■ ABOUT THIS TASK ■
In your copy, include every record exactly and no pictures.

(RECORDS FOR THIS EXERCISE begins)

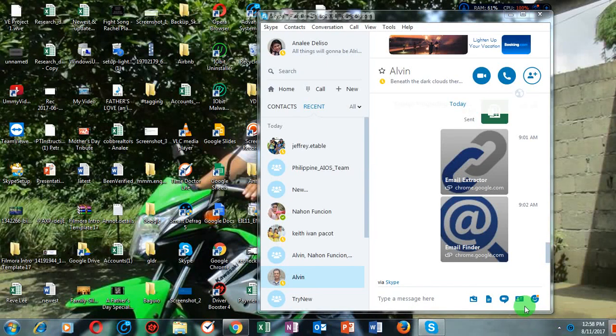Hello, I am Annalie and welcome to this channel, Ask Me How. Today, I'm going to show you how to create a Skype group chat, how to add members on a group chat, how to remove and how to leave a group chat.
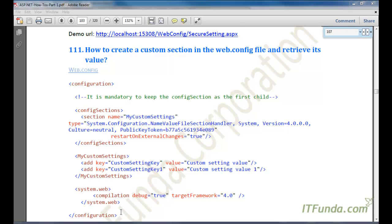In this how-to, we are going to create a custom section in the web.config file and retrieve its value. There might be a scenario where you do not want to store your information into the app settings or connection string settings, but you want to create a custom setting in the web.config file and store your values there.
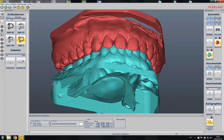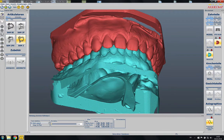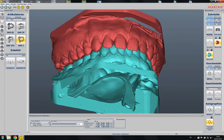Here I show you an example of a patient case where I imported the scans in Axiocomp. The casts were mounted in an articulator with a face bow and then scanned as they were mounted, so they are correctly positioned in regard to the skull.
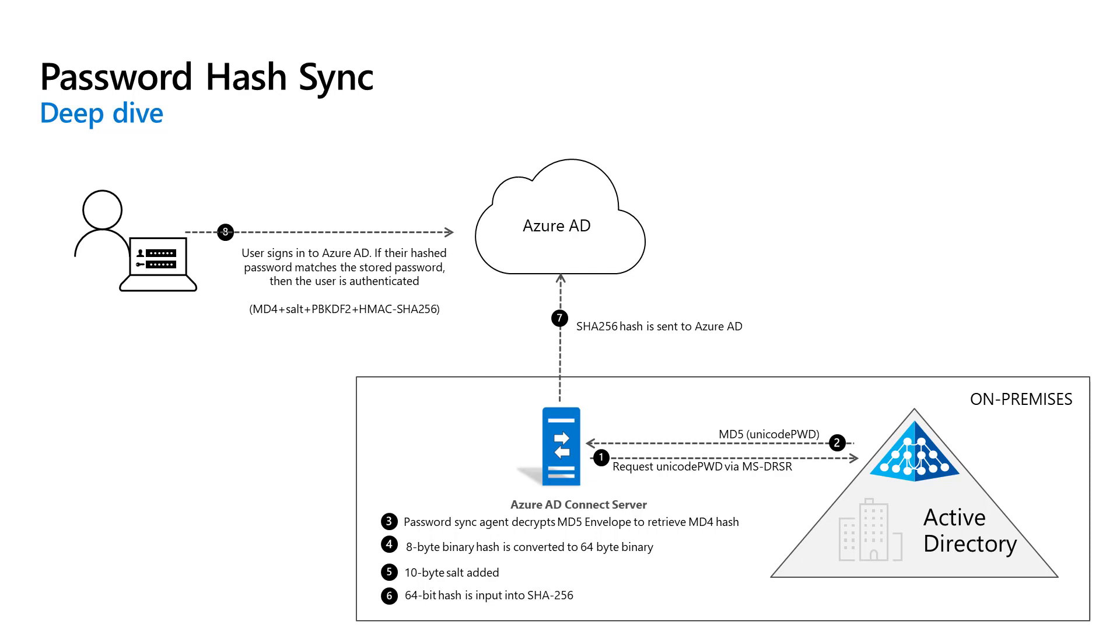Finally, the last step is when a user attempts to sign in to Azure Active Directory and enters their password. The password is run through the same MD4 plus salt plus PBKDF2 plus HMAC SHA-256 process. If the resulting hash matches the hash stored in Azure Active Directory, the user has entered the correct password and is then authenticated.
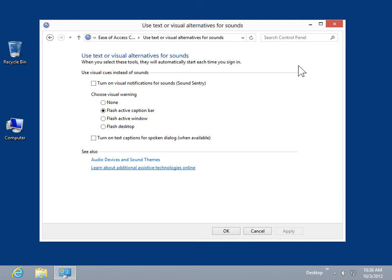Select the Turn on Visual Notifications for Sounds checkbox. In the Choose Visual Warning area, select a radio button for the type of visual warning to be displayed.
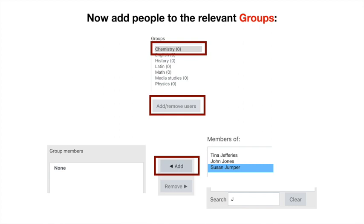Now we can add people. Effectively, we select Chemistry and click Add/Remove Users. On the left-hand side at the bottom, you'll see Group Members: None. On the right-hand side, there's an area where we can select people. In this small demonstration, I've typed in 'J' to the search, and it's offered any of the students with J in their name.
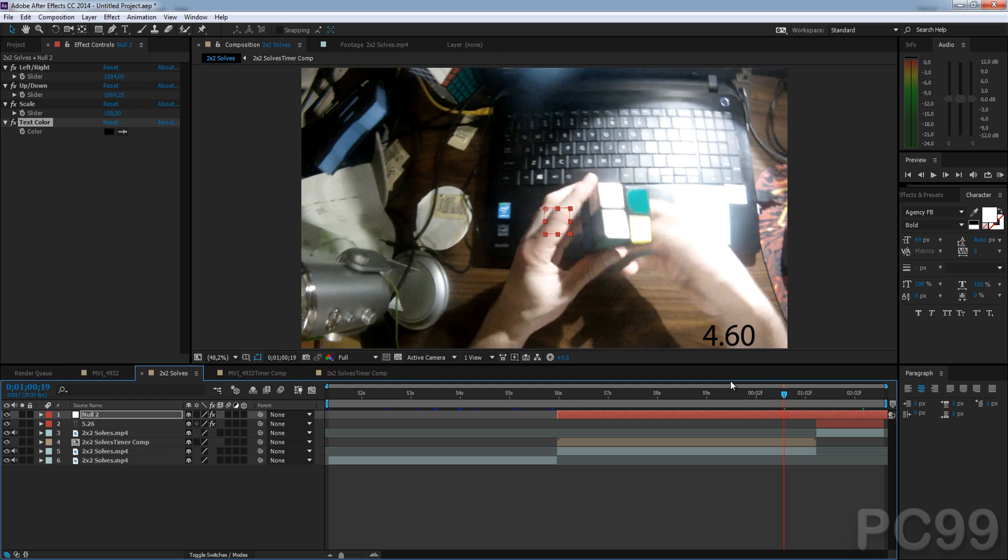That is it for the demo of the Timer Creator. Please go check it out at VideoHive, in the description below. And, if you have any questions or requests for future scripts, or this script, for updates, feel free to ask those as well. Thanks for watching, and I'll see you next time.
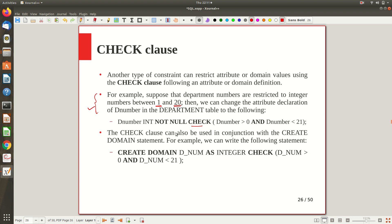You can apply the CHECK clause either along with the attribute definition, or when you define the domain. For example, you can define a domain named D_num where the domain of the D_number field is defined as integer with this check constraint. Then instead of writing all those things, you just write D_number D_num, and that meaning is implied. So the CHECK clause can be used directly with the attribute definition or when creating a domain, and that domain name can be used in place of the full data type and check clause in the attribute definition.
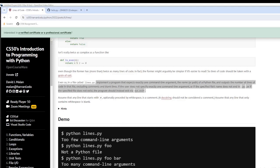In this assignment we're going to implement a program that expects exactly one command line argument — the name or path of a Python file. It's going to output the number of lines of code in that file, excluding comments and blank lines. If the user does not specify exactly one command line argument, or the file name does not end with .py, or does not exist, the program will exit.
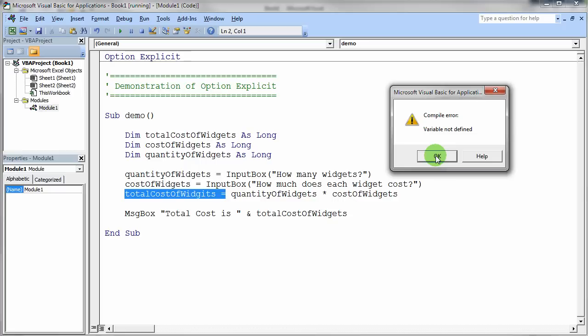Because when I ran it before and it just gave me the answer zero, then, of course, I just had to go back and scan through the code to try to find the mistake. There was no help.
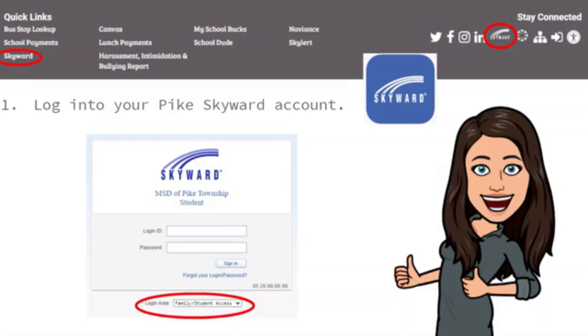If you forgot your login or password, click on the link under the submit button that says "Forgot your login or password?" and follow the directions given there.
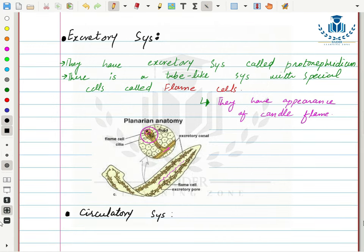Regarding the circulatory system, flatworms have no specialized circulatory system. Nutrients and materials are circulated through the body with the help of the movement of fluids.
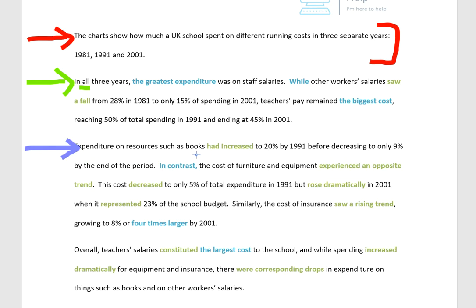Expenditure on resources such as books had increased to 20% by 1991 before decreasing to only 9% by the end of the period. In contrast, the cost of furniture and equipment experienced an opposite trend — this cost decreased to only 5% of total expenditure in 1991, but rose dramatically in 2001 when it represented 23% of the school budget. Similarly, the cost of insurance saw a rising trend, growing to 8% or four times larger by 2001.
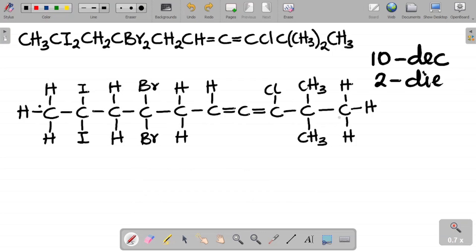Using lower numbering: 1, 2, 3, 4, 5, 6, 7, 8, 9, 10. Once you establish your numbering system, you maintain it throughout the entire nomenclature of this compound — I'll maintain the lower numbering for all substituents.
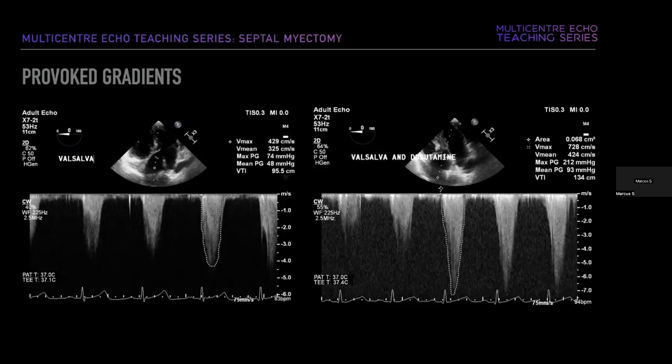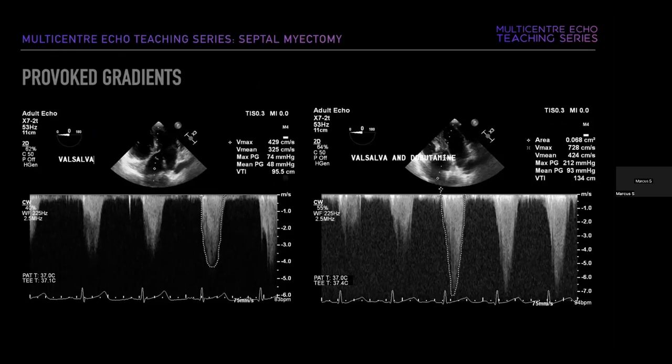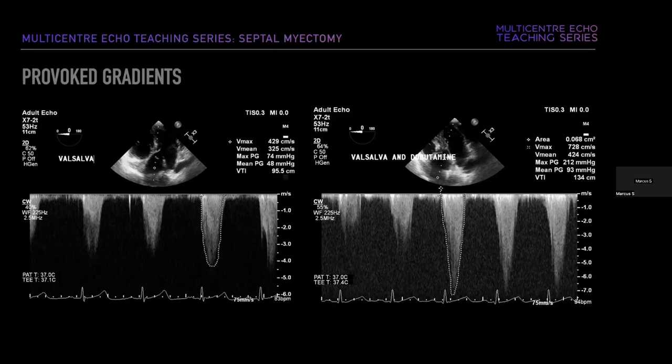Ideally during these surgeries, we wish to demonstrate a high baseline LVOT gradient that resolves in the post-pump study following myectomy. However, several hemodynamic changes under general anesthesia may diminish the LVOT gradient, such as reduced sympathetic tone, volume loading, bradycardia, and decreased myocardial contractility. In these cases, we often provoke gradients using Valsalva, myocardial irritation to induce PVCs, or dobutamine infusions.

(RECORDS FOR THIS EXERCISE ends)

■ RESPONSE BOX ■
Hello, I am Annalie and welcome to this channel, Ask Me How. Today, I'm going to show you how to create a Skype group chat, how to add members on a group chat, how to remove and how to leave a group chat.
In this how-to, we are going to create a custom section in the web.config file and retrieve its value. There might be a scenario where you do not want to store your information into the app settings or connection string settings, but you want to create a custom setting in the web.config file and store your values there.
Here I show you an example of a patient case where I imported the scans in Axiocomp. The casts were mounted in an articulator with a face bow and then scanned as they were mounted, so they are correctly positioned in regard to the skull.
Finally, the last step is when a user attempts to sign in to Azure Active Directory and enters their password. The password is run through the same MD4 plus salt plus PBKDF2 plus HMAC SHA-256 process. If the resulting hash matches the hash stored in Azure Active Directory, the user has entered the correct password and is then authenticated.
Select the Turn on Visual Notifications for Sounds checkbox. In the Choose Visual Warning area, select a radio button for the type of visual warning to be displayed.
Now we can add people. Effectively, we select Chemistry and click Add/Remove Users. On the left-hand side at the bottom, you'll see Group Members: None. On the right-hand side, there's an area where we can select people. In this small demonstration, I've typed in 'J' to the search, and it's offered any of the students with J in their name.
That is it for the demo of the Timer Creator. Please go check it out at VideoHive, in the description below. And, if you have any questions or requests for future scripts, or this script, for updates, feel free to ask those as well. Thanks for watching, and I'll see you next time.
You can apply the CHECK clause either along with the attribute definition, or when you define the domain. For example, you can define a domain named D_num where the domain of the D_number field is defined as integer with this check constraint. Then instead of writing all those things, you just write D_number D_num, and that meaning is implied. So the CHECK clause can be used directly with the attribute definition or when creating a domain, and that domain name can be used in place of the full data type and check clause in the attribute definition.
In this assignment we're going to implement a program that expects exactly one command line argument — the name or path of a Python file. It's going to output the number of lines of code in that file, excluding comments and blank lines. If the user does not specify exactly one command line argument, or the file name does not end with .py, or does not exist, the program will exit.
Because when I ran it before and it just gave me the answer zero, then, of course, I just had to go back and scan through the code to try to find the mistake. There was no help.
If you forgot your login or password, click on the link under the submit button that says "Forgot your login or password?" and follow the directions given there.
Regarding the circulatory system, flatworms have no specialized circulatory system. Nutrients and materials are circulated through the body with the help of the movement of fluids.
Expenditure on resources such as books had increased to 20% by 1991 before decreasing to only 9% by the end of the period. In contrast, the cost of furniture and equipment experienced an opposite trend — this cost decreased to only 5% of total expenditure in 1991, but rose dramatically in 2001 when it represented 23% of the school budget. Similarly, the cost of insurance saw a rising trend, growing to 8% or four times larger by 2001.
Using lower numbering: 1, 2, 3, 4, 5, 6, 7, 8, 9, 10. Once you establish your numbering system, you maintain it throughout the entire nomenclature of this compound — I'll maintain the lower numbering for all substituents.
Ideally during these surgeries, we wish to demonstrate a high baseline LVOT gradient that resolves in the post-pump study following myectomy. However, several hemodynamic changes under general anesthesia may diminish the LVOT gradient, such as reduced sympathetic tone, volume loading, bradycardia, and decreased myocardial contractility. In these cases, we often provoke gradients using Valsalva, myocardial irritation to induce PVCs, or dobutamine infusions.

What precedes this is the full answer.